> **WHAT THIS TASK INVOLVES**
From the line containing "Tanjore painted green silk clutch dj-52657" to the line containing "Κρεβάτι Boxspring με" in the entries below, reproduce every line exactly, ends included. Nothing else belongs in the copy, and no pictures.

── INPUT FOR THIS TASK ──

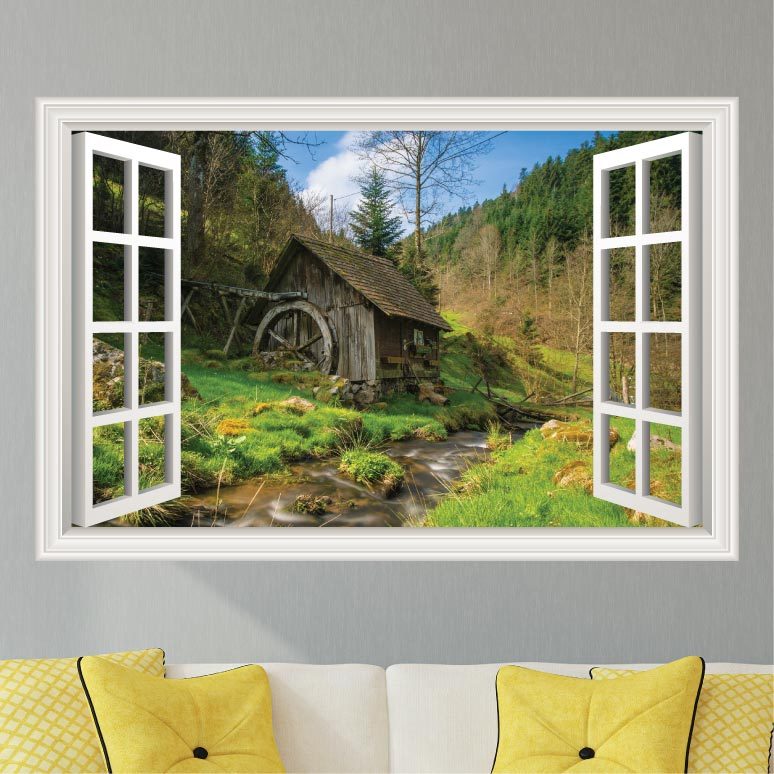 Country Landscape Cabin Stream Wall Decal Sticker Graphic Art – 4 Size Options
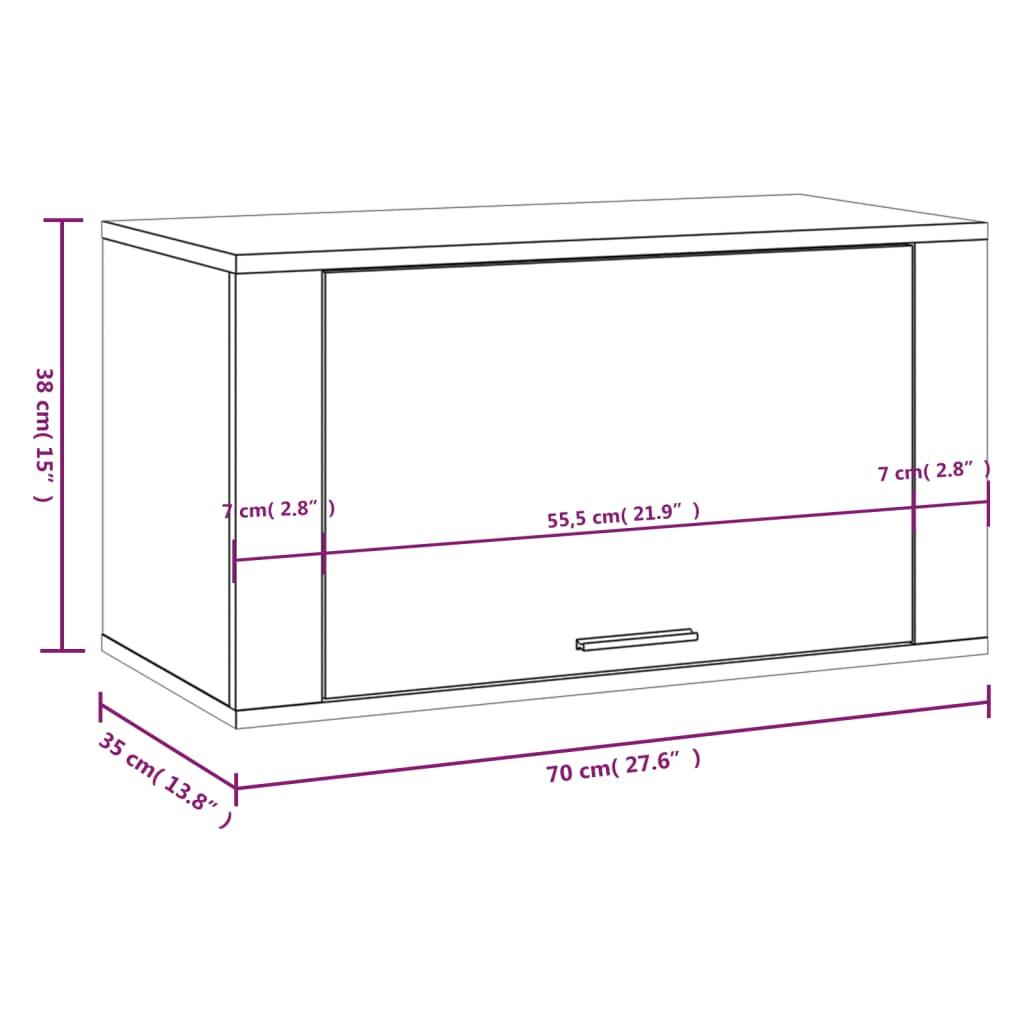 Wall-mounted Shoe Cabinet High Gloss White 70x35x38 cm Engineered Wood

───
── INPUT FOR THIS TASK ──

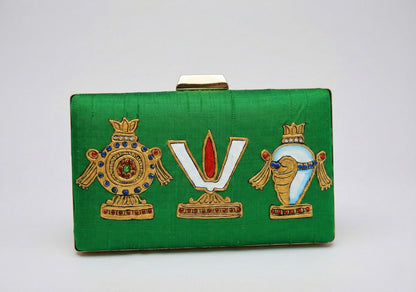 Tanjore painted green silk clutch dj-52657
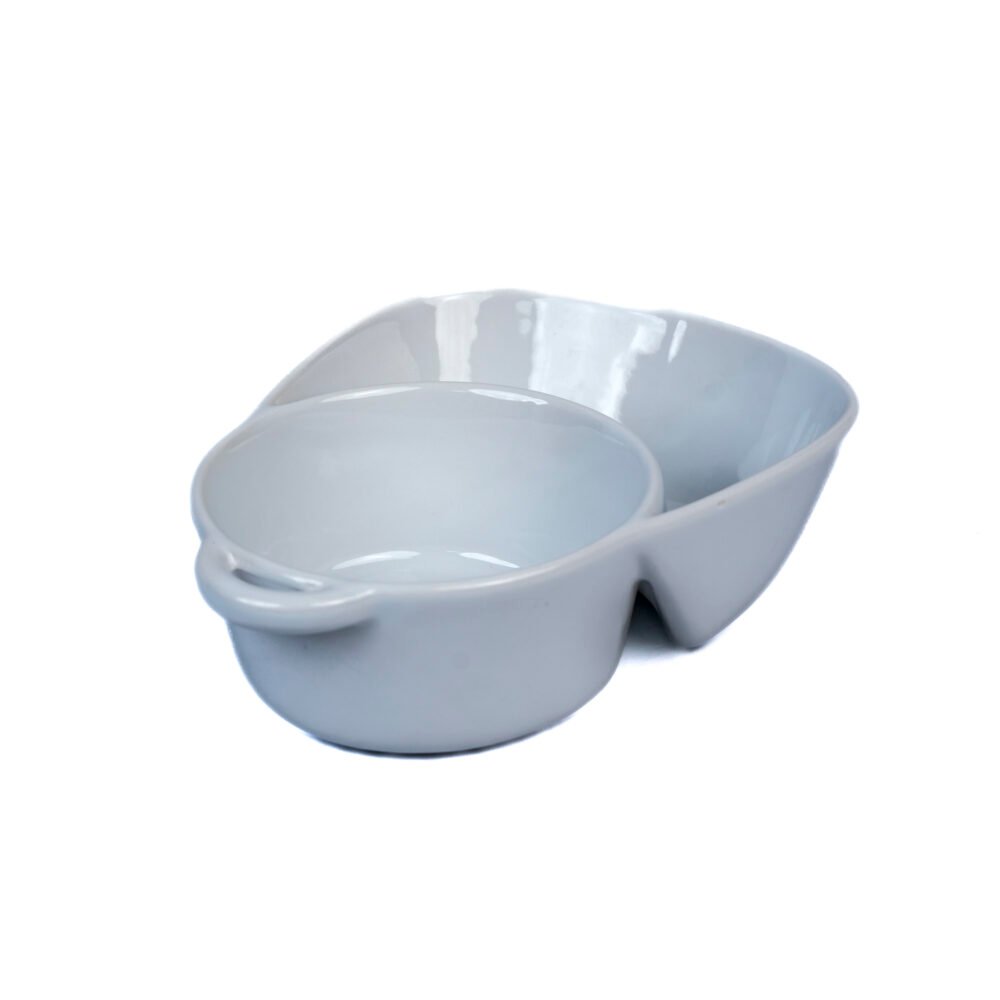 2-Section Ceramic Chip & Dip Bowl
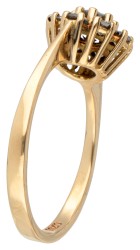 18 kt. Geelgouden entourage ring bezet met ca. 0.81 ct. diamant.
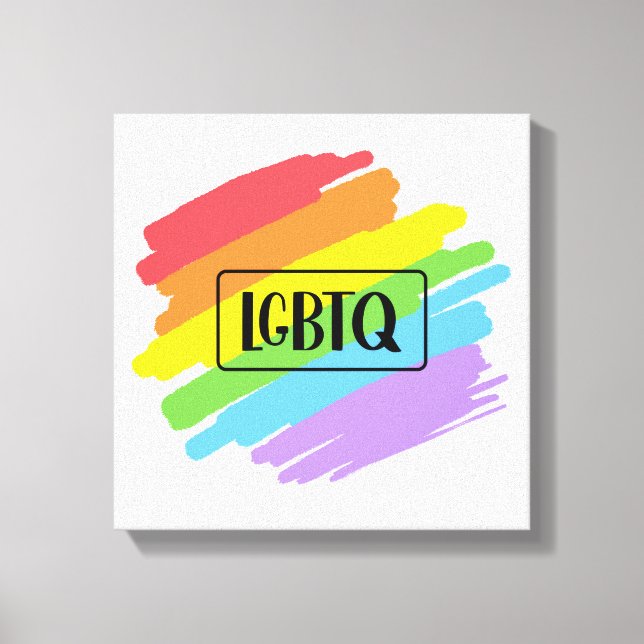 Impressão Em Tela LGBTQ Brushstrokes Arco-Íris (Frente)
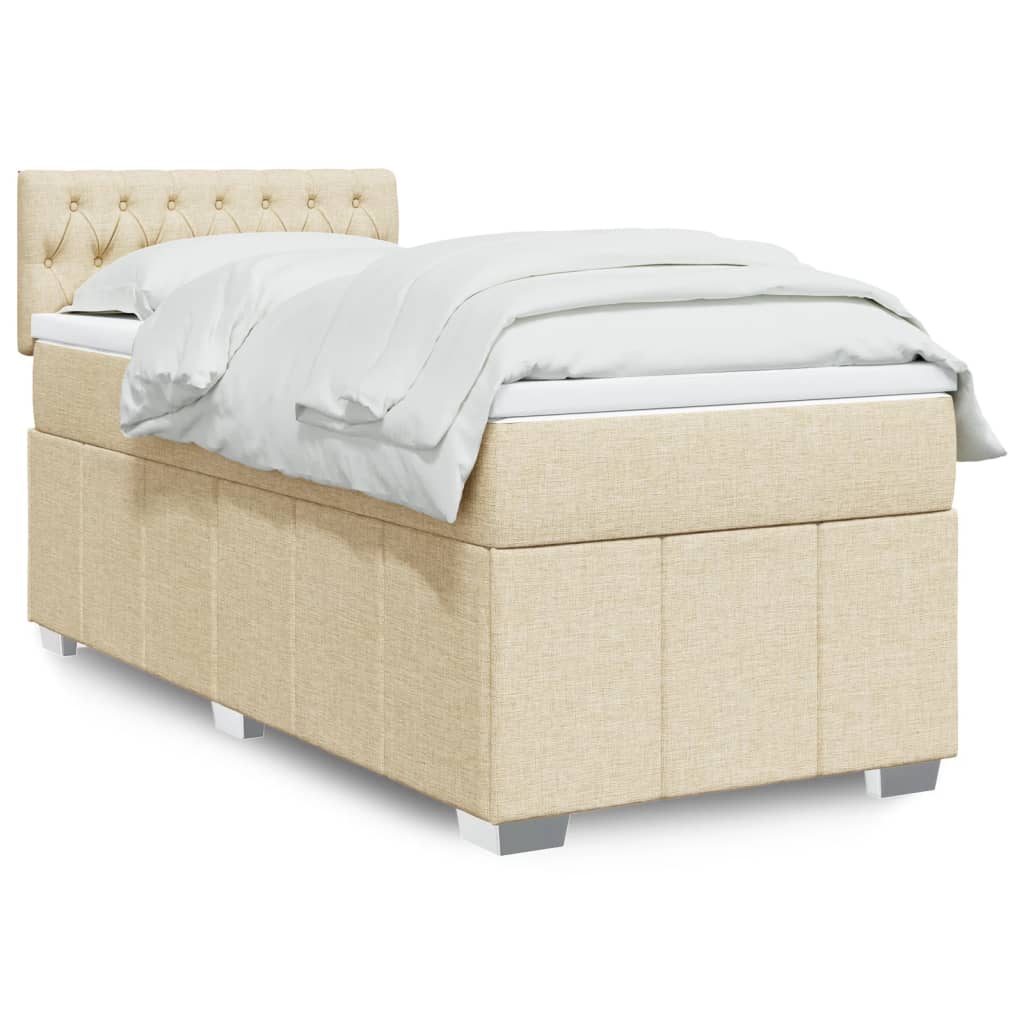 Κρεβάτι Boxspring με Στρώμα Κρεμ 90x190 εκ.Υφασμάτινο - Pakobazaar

───

> **WRITTEN SOLUTION**
 Tanjore painted green silk clutch dj-52657
 2-Section Ceramic Chip & Dip Bowl
 18 kt. Geelgouden entourage ring bezet met ca. 0.81 ct. diamant.
 Impressão Em Tela LGBTQ Brushstrokes Arco-Íris (Frente)
 Κρεβάτι Boxspring με Στρώμα Κρεμ 90x190 εκ.Υφασμάτινο - Pakobazaar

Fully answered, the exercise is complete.